GM to get tough with dealers during bankruptcy

General Motors is going to right-size its dealer body as part of its bankruptcy, and the Detroit automaker is going to ask plenty of dealers that make the cut to remain with the "new" GM. The General has already announced that 1,124 dealerships wouldn't be renewed in October 2010, and another 200 franchises will receive similar notices this week.

GM VP Mark LaNeve told Automotive News that the remaining GM retail outlets would need to sign a participation agreement to stay off the endangered species list. The agreement will guarantee that the dealers will make required facility upgrades and reach customer satisfaction objectives. Surviving dealers will also need to remove all non-GM vehicles from the showroom. If the dealers refuse to sign the participation agreement by a mid-June deadline, they will be cast into the "old GM" bin, and the dealerships will be terminated in a manner similar to the 789 Chrysler dealers that will cease to exist on June 9.

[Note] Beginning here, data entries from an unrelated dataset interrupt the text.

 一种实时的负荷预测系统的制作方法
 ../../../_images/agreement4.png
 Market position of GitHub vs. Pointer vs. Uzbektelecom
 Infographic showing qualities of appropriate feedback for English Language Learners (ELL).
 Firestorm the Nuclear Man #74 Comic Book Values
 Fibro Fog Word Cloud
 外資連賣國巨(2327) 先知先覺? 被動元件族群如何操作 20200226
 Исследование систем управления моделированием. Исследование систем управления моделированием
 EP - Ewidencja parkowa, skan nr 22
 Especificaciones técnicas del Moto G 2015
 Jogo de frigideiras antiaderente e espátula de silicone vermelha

The 1,324 dealers that are scheduled to go away in 17 months will also need to sign an agreement to avert an early closure. The "wind down" agreement will enable the dealerships to receive money from GM for inventory for unused inventory and leftover parts and signage. In return, the dealers will not be able to sue the General. Some dealers will even be paid up front for their loss, while others will receive money closer to October 2010. Dealers that refuse to sign the wind down agreement will lose their franchise soon after the mid-June deadline.